José Leao est exploitant pluriactif. C'est-à-dire qu'il pratique une autre activité professionnelle en plus de l'agriculture. Il occupe une parcelle sur le plateau de Nancibo depuis plusieurs années. Il est venu à la rencontre de Christian Epailly parce qu'il accumule les ralentissements administratifs depuis qu'il s'est lancé dans cette filière. "Nous avions déposé un dossier à France Domaine. Entre temps, on a découvert qu'ils avaient transmis leurs pouvoirs à une autre institution (la Direction de l'Immobilier de l'État, NDLR) et on a eu une réponse défavorable", raconte-t-il.
Il n'y a pas de communication entre l'Etat et la population, on fait des démarches qui prennent beaucoup de temps. C'est indigne de nous laisser poireauter pendant deux ans pour une réponse, surtout quand on ne nous prévient pas que l'organisme n'existe plus. Aujourd'hui, on vient pour connaître les pouvoirs de la Safer.

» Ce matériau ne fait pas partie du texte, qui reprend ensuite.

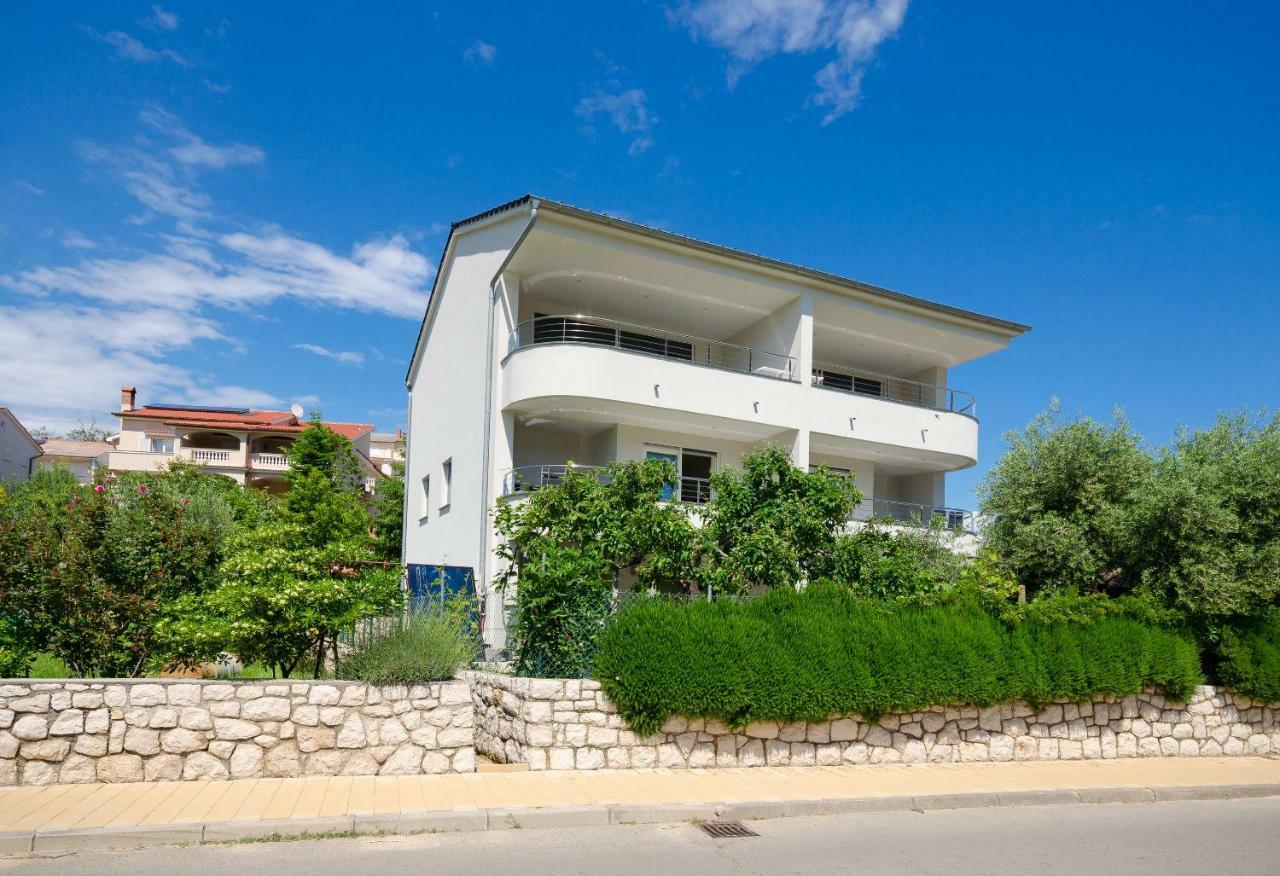 לופאר Apartments Zorka מראה חיצוני תמונה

José LEAO, agriculteur pluriactif de Nancibo
A l'issue de la rencontre, "on ressent toujours que l'Etat essaie de nous mettre des entraves pour la régularisation du foncier", dit l'agriculteur. Et de poursuivre "on a vu aussi que même les mairies n'ont pratiquement aucun pouvoir à ce sujet-là". Néanmoins, José Leao essaie de rester positif. "Que la Safer réussisse à accomplir sa mission, que l'Etat attribue aux Guyanais le droit de gérer eux-mêmes leur foncier, c'est l'objectif et l'espoir que nous avons", conclut-il.